I am trying to generate a continuous income variable for respondents in non-March samples (specifically November). I cannot use the categorical version of the income variable available in this sample because I am using income to roughly calculate a person’s Federal Poverty Level (FPL) for that year. The best option that I could think of was to use the earnweek variable and combine it with any potential spouse’s earnkweek value (earnweek_sp). I understand that this is a flawed method for many reasons, but it is the best solution that I could devise. Before I continue with this question, is anyone aware of a better way to get a continuous income variable for the November supplement that would allow me to calculate FPL?

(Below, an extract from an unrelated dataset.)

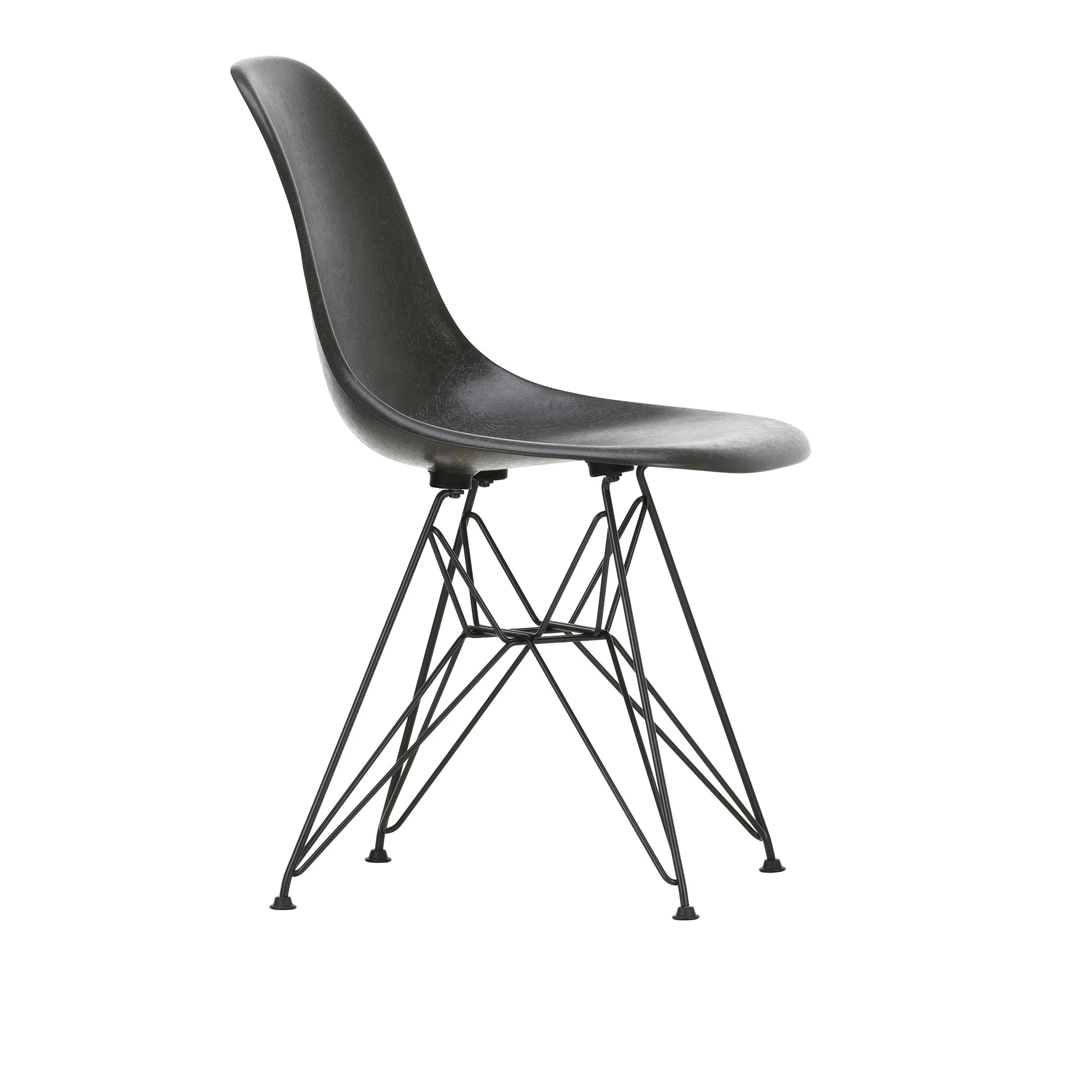 Eames Fiberglass Chair DSR stol Basic Dark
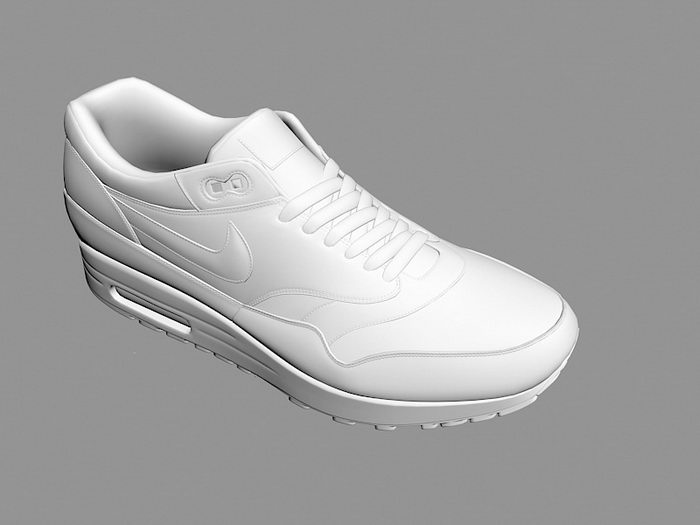 Nike Airmax 3d rendering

If not, as I proceed with using earnweek to calculate family income I have encountered a few problems. Given that earnweek is only asked in the outgoing rotation group, I wanted to attach the earnweek variable from the subsequent months that still had participants in the November sample (i.e. December, January, and February) to increase my sample size. I tried to link my IPUMS CPS sample from these months to the November sample using HRHHID, HRHHID2, and LINENO, but I return a number of false matches. (When I use race as the test variable, I get 8137 incorrect matches). If I include race and sex in the match, it doesn’t solve the problem. Do you know how I can merge this information without generating duplicates?
Once I solve this problem, I plan to append this generated “income” variable to every person in the same household. First, I plan to use the variable RELATE to delete anyone not part of the family by Federal Poverty Level-calculation standards. I can then extend the “income” variable to everyone remaining in the household by first creating a new variable called Fam_earnweek. I would then use YEAR, SERIAL, and PERNUM to uniquely identify households, and select the maximum value of Fam_earnweek within a given household to use for the household value. I would then drop all other records with the same serial number. I plan to then merge this household level information onto the original person-level data by using a many-to-one merge on YEAR, PERNUM, and SERIAL. Does this make sense?
My apologies for the length of these questions! I greatly appreciate your help.